7) Can the contract be assigned?
The most common successful exit for startups is an acquisition from another company. And if you’re a startup, you need to have this in mind every time you enter into a contract from the day you start up. When an acquirer looks to acquire, one of the most important things they’ll consider is whether they’ll retain your current contracts and business relationships you had prior to acquisition.
Contracts are all over the place in whether they can or cannot be assigned. But when you’re a startup, if an acquisition is the goal, you’ll want to make explicit that every contract you enter into can be assigned in the event of a merger, sale, or purchase of all the assets of the company.
Otherwise, you may find that you were your own worst enemy in negotiating a potential acquisition of your company.
8) How does this relate to prior/future contracts?
This is probably the simplest of the ten mistakes, but it’s easy enough to get wrong. If you have other agreements with the same business partner, how does this relate to the others? If you have only one written agreement, your contract should say, “this Agreement replaces and supersedes all other agreements between the parties, whether written or oral,” or something along those lines. This is to prevent the parties from using emails or other conversations as a mechanism to undermine anything that’s in the contract.
9) Failing to consider all the issues to negotiate
Negotiations aren’t always a zero-sum game, but many lawyers and entrepreneurs view them as such. Rather than looking at each contract by dissecting only the few key terms that are at the forefront of any negotiation, take the time to make a list of all the variables at play, and explore with counterparties whether value can be created to both parties’ mutual advantage. This is a creative exercise, but one that with modest effort can create extraordinary results. Try inverting, twisting, and playing around with the variables to see if there’s a different way at looking at the issues that can help everyone at the table.
The first step in any negotiation should be to break out not just the salient variables, but all variables involved in the negotiation. Put them on the table and then try to get a sense of what matters most to you and your counterparty.

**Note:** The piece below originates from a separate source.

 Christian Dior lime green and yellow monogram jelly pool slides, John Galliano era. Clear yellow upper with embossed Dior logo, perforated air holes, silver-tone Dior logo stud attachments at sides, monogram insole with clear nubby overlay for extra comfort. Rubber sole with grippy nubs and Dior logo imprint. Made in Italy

You’ll never know what you can get from any negotiation until you ask.
10) Forgetting intellectual property or assigning it to the wrong person or company
For an early-stage startup, more often than not, the only real asset it owns is its intellectual property. But nearly as often, when you dig down, the ownership of that intellectual property is less than clear. The reason for this is simple: most startups eschew formalities in the earliest stages of growth. They’re busy doing the common lean-startup stuff, such as customer development and interviews, development of the product, and early marketing and promotion. That’s what a startup should be doing.
Unfortunately, an early-stage startup that doesn’t own its intellectual property usually doesn’t own anything. And a company with four part-time founders toiling away without any written agreements doesn’t own its own intellectual property. If one of the founders walks away and refuses to assign the work they’ve done after the fact, you will find yourself at the mercy of that founder in the negotiation. And if that founder refuses to assign the work they’ve done, guess what? You don’t own your own company.
If there’s one type of contract you have on day one as a startup, it should be a contract that memorializes the assignment of IP to the company. And every person who works on the company should sign it, not just the technical people. This includes contractors, developers, marketers or anyone else who contributes to what you do. Make sure you own their work. Or they’ll end up owning your company.